突き刺した剣にもたれ掛かり大きく息を吐く。
「―――ふぅー」
頭がボーっとする。まったく情けないな俺は。店長さんと約束したって言うのに、大丈夫だって言って見せたのに、結局は守れやしない。
「ああ……畜生め……」
ミーシャはどんな顔をするだろう……
怒るだろうか?それとも悲しむだろうか?それともあまり気にしなかったり……どうなんだろう。

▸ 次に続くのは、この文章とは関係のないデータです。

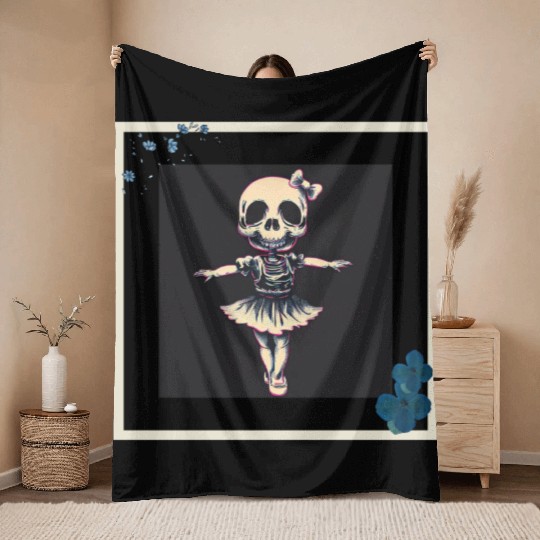 Cute skull ballet with flowers Throw Blankets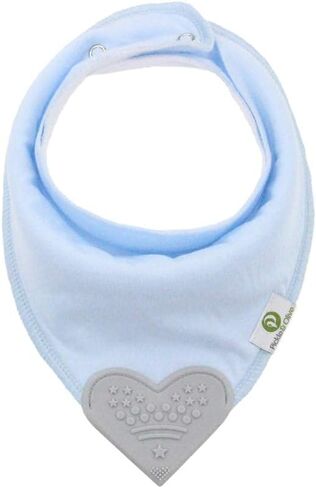 Pickle & Olive Baby Bandana Teething Bibs with Attached Silicone Teether - Set Of 4 -Solid Blues in Saudi Arabia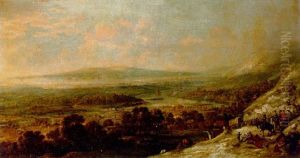 A Military Column Descending To A River Plain With A Town Under Naval Bombardment Beyond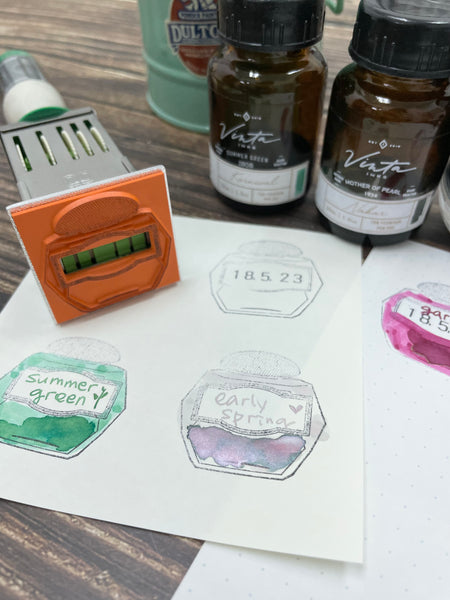 이미지를 갤러리 뷰어에 로드 , Sanby Ink Biyori Date Stamp - Ink Bottle
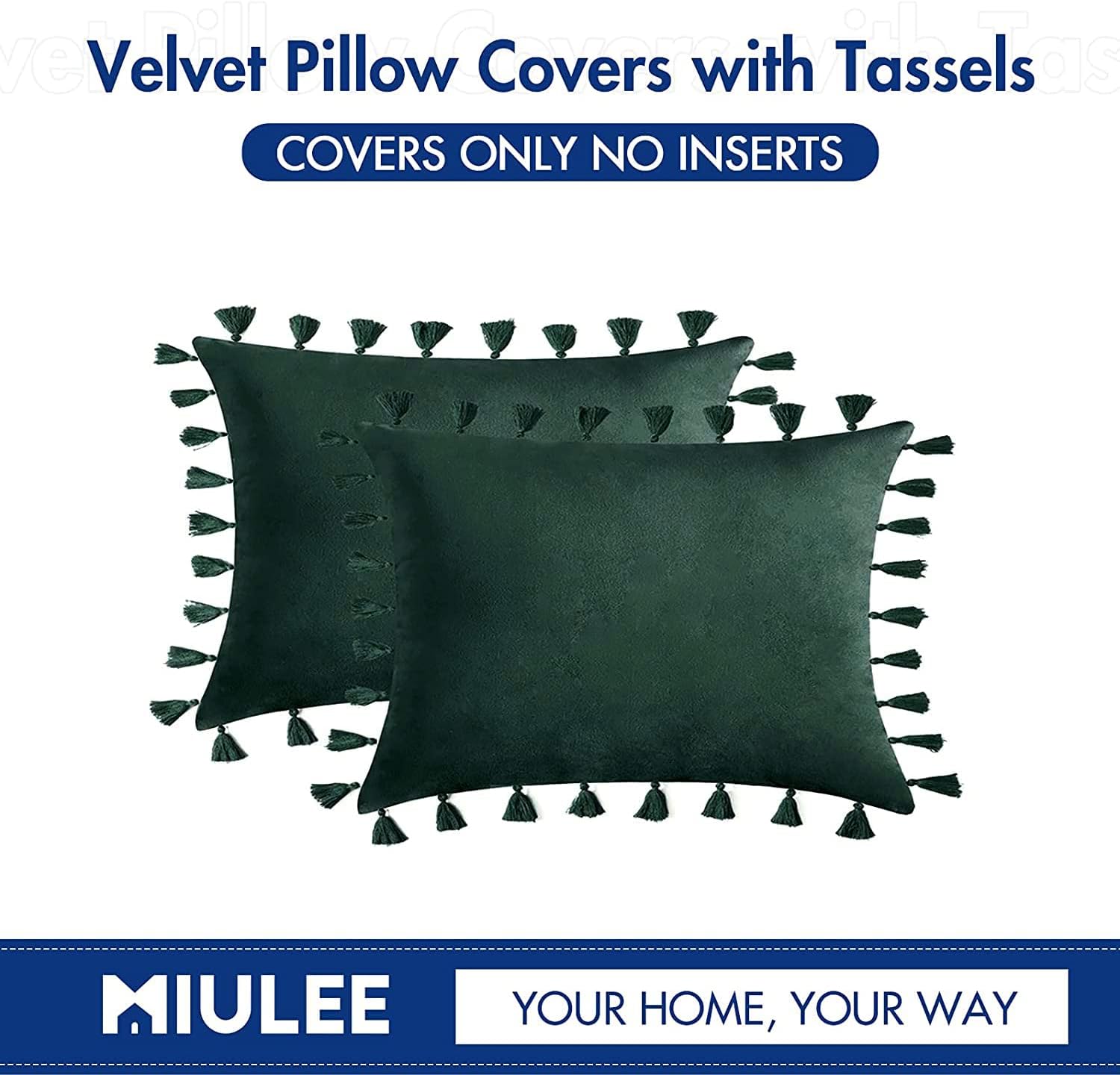 MIULEE – Paquete de 2 fundas de cojín decorativas lisas, de terciopelo suave con borlas y flecos, decoración bohemia para sillón, cama, sofá, de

切り株の上ですやすやと気持ちよさそうに寝ているフーを見る。
「……むにゃ……えへへ……」
楽しい夢でも、それこそ、今日のミーシャの誕生日の夢でも見てるんだろうか。
……フーに俺を連れてく事はできない。けど、夜までには流石に起きるだろう。
「うわっ―――」
限界が来たのか、剣が消える。掛けていた体重に、地面に倒れ込む。
「くっ……せめて……」
感覚が無くなりつつある腕を伸ばし、震える指で伝言を書いていく。フーは、気づくだろうか?気づいてもらわなきゃ、困るけど。
「ダイイングメッセージみたいだな……」
言って、馬鹿だなと笑う。
襲いかかる眠気に負け、目を閉じる。
ミーシャ、一緒に祝えなくてごめん。幾らでも、怒ってくれていいから。
ただ、その後で、これでもかってぐらい祝うから。ミーシャが苦笑するぐらい頑張るから、だから許してほしい。
今はもう、無理そうだ。
戸神翔は、寝させてもらう……お休み――――――
――――――
「……残念、昔馴染みに逢おうと来てみましたが、もう去った後でしたか」
時間にしておよそ五時ごろ。極彩鳥の巣があった場所で、白のタキシードを着た一人の男が残念そうに呟く。
「のんびりしすぎましたね。仕方ない、帰り……ん?」
諦めて帰ろうとした男の視線に映った、俯せの少年。近づき、男は悟ったように言う。
「力を使いすぎましたか……ん?『フー、先に、天心に、帰れ』……ですか」
地面に描かれた文字を読み、近くを見渡すと切り株の上で眠る妖精の姿。
男はうんうんと頷き、起こさぬようフレリアを肩に乗せ、翔を背負った。
「仙道を止めるのには、まだ足りませね。しかし、今はこれでいいとしましょう」
夕暮れの山を、一歩、一歩と男は歩き始める。